→ Extracted material:
┄┄┄┄┄┄

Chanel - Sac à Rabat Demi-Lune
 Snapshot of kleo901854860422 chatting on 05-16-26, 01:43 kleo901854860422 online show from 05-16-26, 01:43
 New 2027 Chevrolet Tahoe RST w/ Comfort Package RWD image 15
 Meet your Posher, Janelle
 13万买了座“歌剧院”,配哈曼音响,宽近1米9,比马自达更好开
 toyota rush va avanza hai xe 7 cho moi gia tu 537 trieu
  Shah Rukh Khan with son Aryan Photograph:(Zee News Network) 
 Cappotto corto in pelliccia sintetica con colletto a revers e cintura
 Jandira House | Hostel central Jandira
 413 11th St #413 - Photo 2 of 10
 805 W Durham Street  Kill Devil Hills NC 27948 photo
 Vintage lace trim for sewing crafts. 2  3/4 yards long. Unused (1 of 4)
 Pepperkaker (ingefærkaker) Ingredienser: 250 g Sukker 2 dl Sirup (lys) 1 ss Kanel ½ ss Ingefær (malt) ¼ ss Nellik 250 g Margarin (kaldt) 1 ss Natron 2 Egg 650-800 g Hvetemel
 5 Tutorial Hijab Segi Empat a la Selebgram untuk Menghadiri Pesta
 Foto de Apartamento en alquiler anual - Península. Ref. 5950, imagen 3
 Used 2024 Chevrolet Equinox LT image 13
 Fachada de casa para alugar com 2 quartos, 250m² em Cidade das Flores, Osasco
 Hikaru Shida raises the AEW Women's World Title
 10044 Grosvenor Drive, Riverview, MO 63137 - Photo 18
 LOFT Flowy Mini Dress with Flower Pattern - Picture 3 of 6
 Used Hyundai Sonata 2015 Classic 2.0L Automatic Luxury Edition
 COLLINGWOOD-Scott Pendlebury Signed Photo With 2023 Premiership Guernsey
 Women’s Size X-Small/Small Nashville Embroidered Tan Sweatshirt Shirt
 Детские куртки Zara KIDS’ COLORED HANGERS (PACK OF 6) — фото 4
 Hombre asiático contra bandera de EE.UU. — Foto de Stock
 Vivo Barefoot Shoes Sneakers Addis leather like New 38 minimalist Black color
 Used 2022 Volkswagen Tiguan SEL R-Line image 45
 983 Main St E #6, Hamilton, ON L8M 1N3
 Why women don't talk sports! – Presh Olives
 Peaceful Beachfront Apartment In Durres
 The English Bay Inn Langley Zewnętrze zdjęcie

┄┄┄┄┄┄

→ Exercise requirements: A verbatim copy of the lines from the one with "Peaceful Beachfront Apartment In Durres" to the end of the listing is the whole answer.

→ Output of the task:
 Peaceful Beachfront Apartment In Durres
 The English Bay Inn Langley Zewnętrze zdjęcie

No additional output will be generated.